Given information =

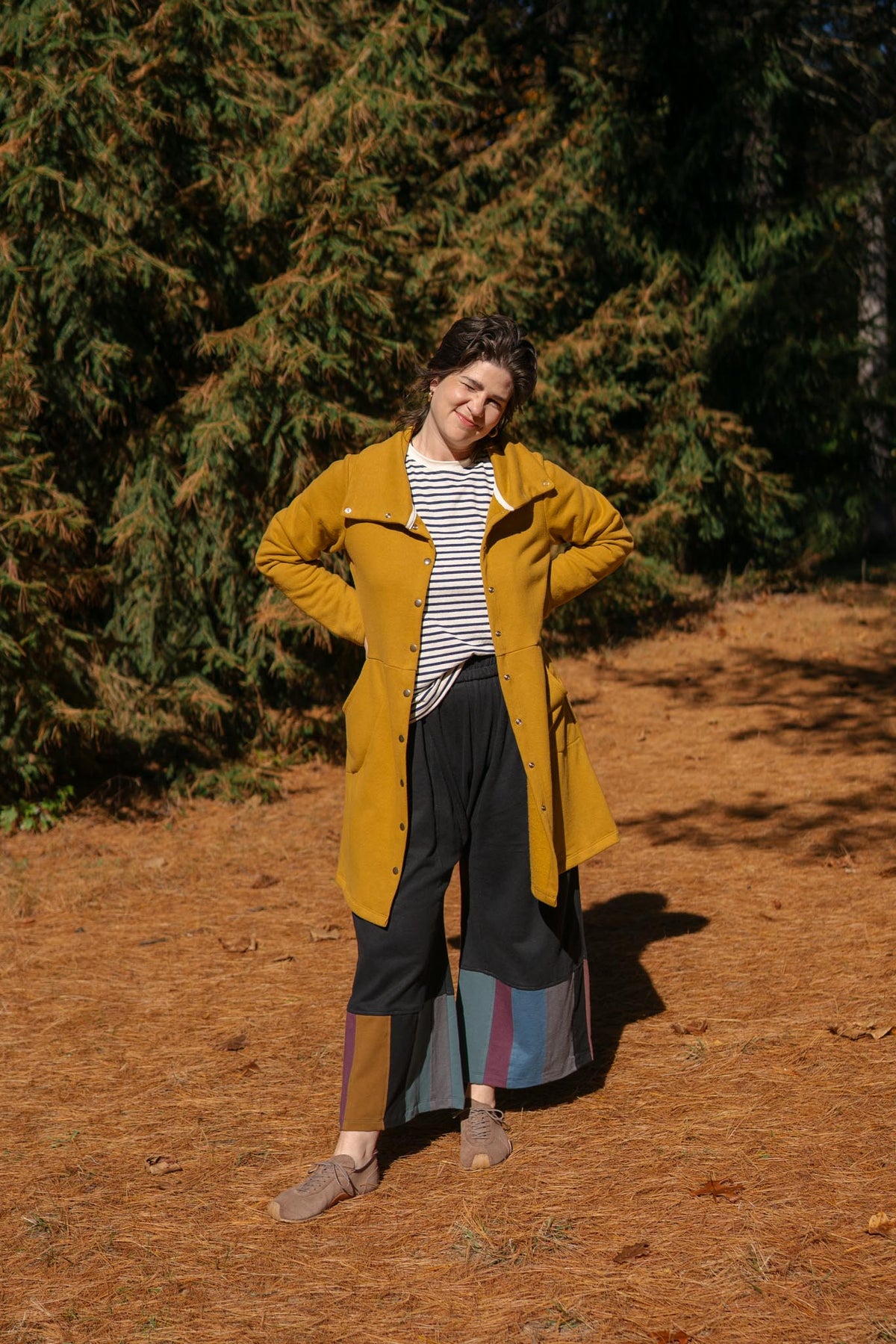 A person standing outdoors on a dirt path in front of evergreen trees, wearing a mustard yellow coat over a black-and-white striped top, dark wide-leg pants, and tan shoes.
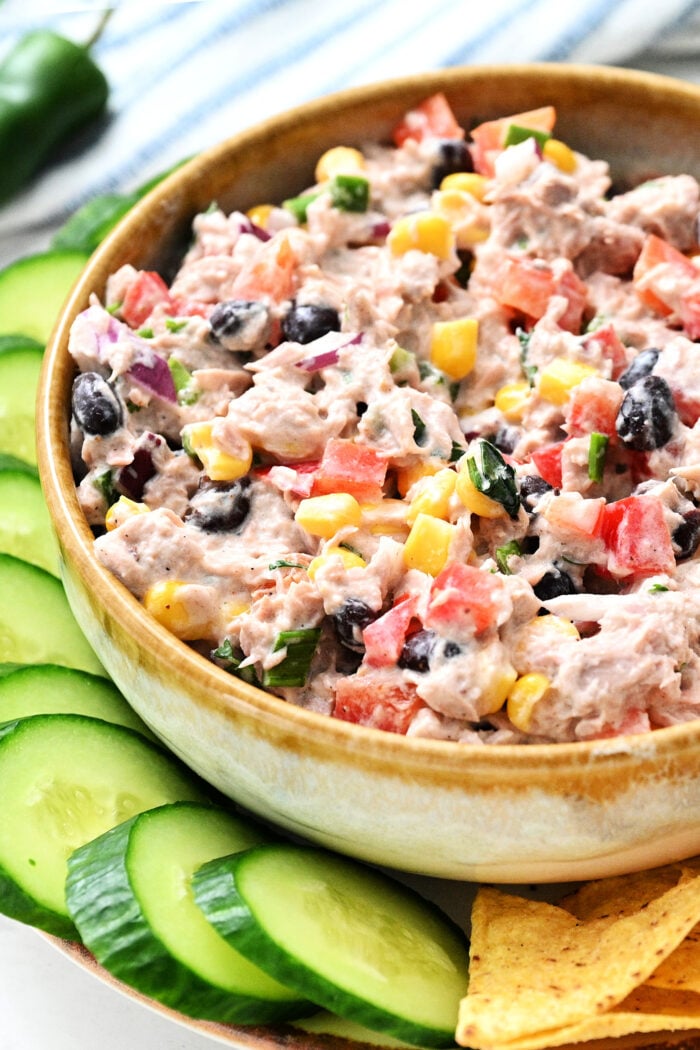 a bowl of tuna dip with cucumbers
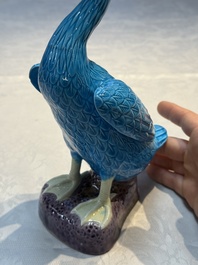 A pair of Chinese turquoise-glazed ducks and a pair of verte biscuit quail-form covered boxes, 20th C.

Activity = Give back the data exactly. Skip any images.

Output for this task =
 A person standing outdoors on a dirt path in front of evergreen trees, wearing a mustard yellow coat over a black-and-white striped top, dark wide-leg pants, and tan shoes.
 a bowl of tuna dip with cucumbers
 A pair of Chinese turquoise-glazed ducks and a pair of verte biscuit quail-form covered boxes, 20th C.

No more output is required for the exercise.